◆ **EXERCISE DETAILS**: Please copy every line from the following entries in which the word "brain" appears.

(Records drawn from a dataset)
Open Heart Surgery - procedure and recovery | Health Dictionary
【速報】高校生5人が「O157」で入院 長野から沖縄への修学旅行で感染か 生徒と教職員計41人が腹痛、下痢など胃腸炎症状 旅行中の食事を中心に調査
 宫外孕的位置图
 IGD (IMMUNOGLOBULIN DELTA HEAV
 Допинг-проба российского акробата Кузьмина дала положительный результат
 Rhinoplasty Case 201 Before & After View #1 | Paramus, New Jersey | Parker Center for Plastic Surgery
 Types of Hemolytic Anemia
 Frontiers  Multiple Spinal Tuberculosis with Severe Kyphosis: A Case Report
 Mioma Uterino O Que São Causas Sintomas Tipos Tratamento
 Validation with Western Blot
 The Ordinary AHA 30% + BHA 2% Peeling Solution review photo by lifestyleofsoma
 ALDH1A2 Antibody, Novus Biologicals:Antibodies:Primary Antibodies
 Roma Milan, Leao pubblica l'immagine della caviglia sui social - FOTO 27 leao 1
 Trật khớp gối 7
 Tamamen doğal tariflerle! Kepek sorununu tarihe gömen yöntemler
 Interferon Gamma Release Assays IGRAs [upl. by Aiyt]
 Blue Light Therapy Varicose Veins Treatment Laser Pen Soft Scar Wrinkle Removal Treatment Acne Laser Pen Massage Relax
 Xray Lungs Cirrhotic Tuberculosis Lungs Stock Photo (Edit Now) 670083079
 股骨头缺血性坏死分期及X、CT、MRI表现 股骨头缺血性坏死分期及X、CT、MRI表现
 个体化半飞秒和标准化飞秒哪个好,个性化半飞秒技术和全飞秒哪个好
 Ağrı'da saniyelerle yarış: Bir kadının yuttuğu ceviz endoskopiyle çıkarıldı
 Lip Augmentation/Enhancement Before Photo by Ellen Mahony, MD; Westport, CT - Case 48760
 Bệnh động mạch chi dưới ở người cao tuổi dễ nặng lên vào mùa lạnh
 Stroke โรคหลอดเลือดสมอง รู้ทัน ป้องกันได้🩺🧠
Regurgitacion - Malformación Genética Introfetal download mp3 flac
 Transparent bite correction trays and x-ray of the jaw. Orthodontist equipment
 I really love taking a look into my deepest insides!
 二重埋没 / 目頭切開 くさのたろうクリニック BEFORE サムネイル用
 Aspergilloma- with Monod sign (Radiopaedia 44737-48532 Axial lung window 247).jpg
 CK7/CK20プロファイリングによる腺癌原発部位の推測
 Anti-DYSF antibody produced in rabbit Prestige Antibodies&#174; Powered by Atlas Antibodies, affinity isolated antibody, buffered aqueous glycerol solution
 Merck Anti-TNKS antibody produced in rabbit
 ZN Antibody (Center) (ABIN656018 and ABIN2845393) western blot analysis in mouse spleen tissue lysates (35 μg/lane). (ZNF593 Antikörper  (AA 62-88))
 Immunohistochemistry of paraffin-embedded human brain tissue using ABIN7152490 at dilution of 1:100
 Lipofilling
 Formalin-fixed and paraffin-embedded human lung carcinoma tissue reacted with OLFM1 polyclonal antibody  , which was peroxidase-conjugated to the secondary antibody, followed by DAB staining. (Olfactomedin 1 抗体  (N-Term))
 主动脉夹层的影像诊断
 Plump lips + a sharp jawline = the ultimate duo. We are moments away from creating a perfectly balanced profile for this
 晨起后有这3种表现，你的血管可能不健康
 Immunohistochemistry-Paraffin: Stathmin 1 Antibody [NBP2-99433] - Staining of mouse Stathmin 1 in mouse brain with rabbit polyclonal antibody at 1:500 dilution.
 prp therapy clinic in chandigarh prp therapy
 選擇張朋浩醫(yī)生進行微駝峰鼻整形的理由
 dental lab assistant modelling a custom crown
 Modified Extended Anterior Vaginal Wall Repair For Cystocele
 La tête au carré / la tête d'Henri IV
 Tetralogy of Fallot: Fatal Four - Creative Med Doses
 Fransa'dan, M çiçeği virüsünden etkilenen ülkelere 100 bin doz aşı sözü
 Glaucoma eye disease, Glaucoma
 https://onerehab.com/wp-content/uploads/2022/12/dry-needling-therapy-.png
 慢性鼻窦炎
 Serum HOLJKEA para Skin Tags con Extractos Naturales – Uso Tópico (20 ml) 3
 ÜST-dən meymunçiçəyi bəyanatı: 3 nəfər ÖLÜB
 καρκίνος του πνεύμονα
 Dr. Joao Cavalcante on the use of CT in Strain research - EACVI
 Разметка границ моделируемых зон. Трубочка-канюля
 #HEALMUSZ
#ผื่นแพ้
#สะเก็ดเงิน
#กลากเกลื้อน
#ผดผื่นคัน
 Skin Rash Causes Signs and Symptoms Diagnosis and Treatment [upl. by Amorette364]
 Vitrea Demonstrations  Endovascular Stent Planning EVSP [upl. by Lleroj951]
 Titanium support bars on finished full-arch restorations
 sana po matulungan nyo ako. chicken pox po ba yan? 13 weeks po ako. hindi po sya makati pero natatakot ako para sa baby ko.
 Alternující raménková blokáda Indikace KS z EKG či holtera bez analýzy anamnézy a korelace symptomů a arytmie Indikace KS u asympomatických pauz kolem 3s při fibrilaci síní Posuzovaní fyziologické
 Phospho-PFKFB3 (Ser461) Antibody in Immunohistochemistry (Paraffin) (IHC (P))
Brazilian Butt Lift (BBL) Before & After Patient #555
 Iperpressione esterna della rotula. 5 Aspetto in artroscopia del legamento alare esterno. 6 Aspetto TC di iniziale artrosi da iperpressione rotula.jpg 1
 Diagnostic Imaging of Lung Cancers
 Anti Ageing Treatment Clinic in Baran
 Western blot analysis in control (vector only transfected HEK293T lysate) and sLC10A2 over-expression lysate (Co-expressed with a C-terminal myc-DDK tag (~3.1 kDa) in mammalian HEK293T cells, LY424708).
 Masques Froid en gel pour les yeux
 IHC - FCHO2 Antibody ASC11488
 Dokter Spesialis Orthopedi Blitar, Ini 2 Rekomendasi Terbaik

◆ **RESULT FOR THIS TASK**:
 Immunohistochemistry of paraffin-embedded human brain tissue using ABIN7152490 at dilution of 1:100
 Immunohistochemistry-Paraffin: Stathmin 1 Antibody [NBP2-99433] - Staining of mouse Stathmin 1 in mouse brain with rabbit polyclonal antibody at 1:500 dilution.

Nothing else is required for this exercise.